Bewkes zapowiedział, że w ciągu najbliższych kilku lat Warner Bros. wprowadzi do kin co najmniej 10 filmów powstałych na bazie tytułów DC Comics. Szef Time Warner ma olbrzymie oczekiwania wobec widowiska
"Batman v Superman: Świt sprawiedliwości". Nazwał go "najbardziej oczekiwanym filmem 2016 roku".
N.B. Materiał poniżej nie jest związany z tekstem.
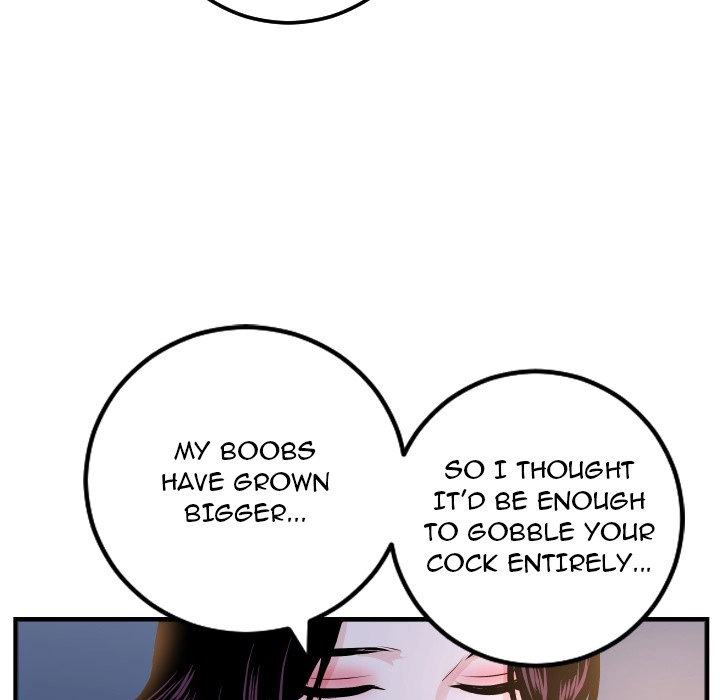 Read Analog chapter 60 image 77 on Lezhin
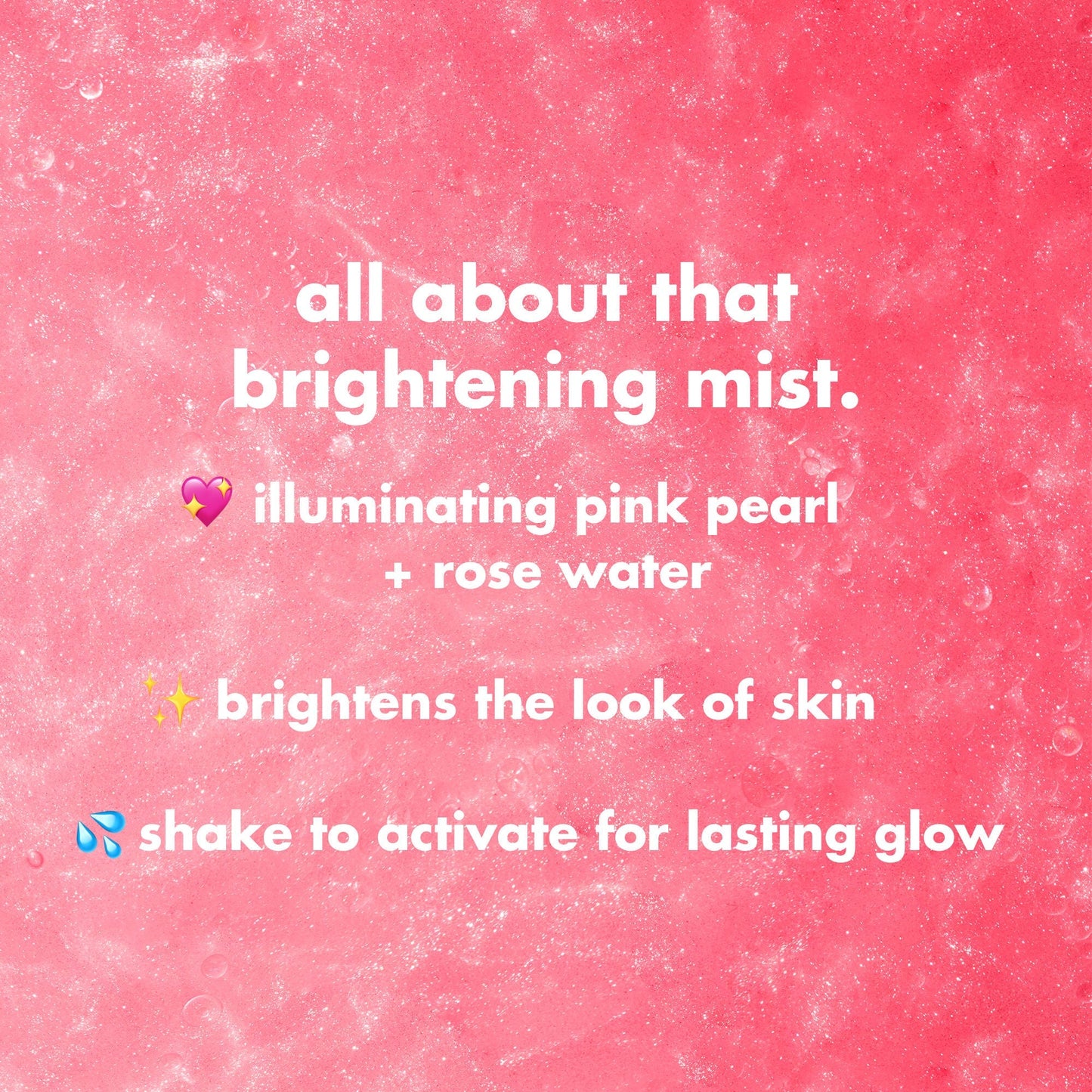 power-grip-rose-setting-spray-i6 FA26_EDU_ROSESETTINGSPRAY_INGREDIENTS_BENEFITS_TEXTURE_67f69573-a8f6-41ed-bb25-e52ffcce42fb.jpg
Niestety Bewkes nie powiedział, jakie widowiska miał na myśli. Liczba "10" może wydawać się duża, ale to oznacza jedynie potwierdzenie planu, który już znamy, a który wygląda tak:
Rok 2016:
"Batman v Superman: Świt sprawiedliwości" i
"Suicide Squad" Rok 2017:
"Wonder Woman" i
"Justice League Part One" Rok 2018:
"The Flash" i
"Aquaman" Rok 2019:
"Shazam" i
"Justice League Part Two" Rok 2020:
"Cyborg" i
"Green Lantern" Tytuły te wyczerpują pulę dziesięciu filmów. Co więc z samodzielnymi filmami Supermana i Batmana? Co z
"Justice League Dark"? Co z
"Lobo"? W planach były też takie obrazy jak
"Hawkman" i
"Metal Men" oraz spin-offy
"Suicide Squad" "Deathstroke" i
"Booster Gold".
Patrząc przez pryzmat tych tytułów, liczba "10" wcale nie wydaje się aż tak imponująca.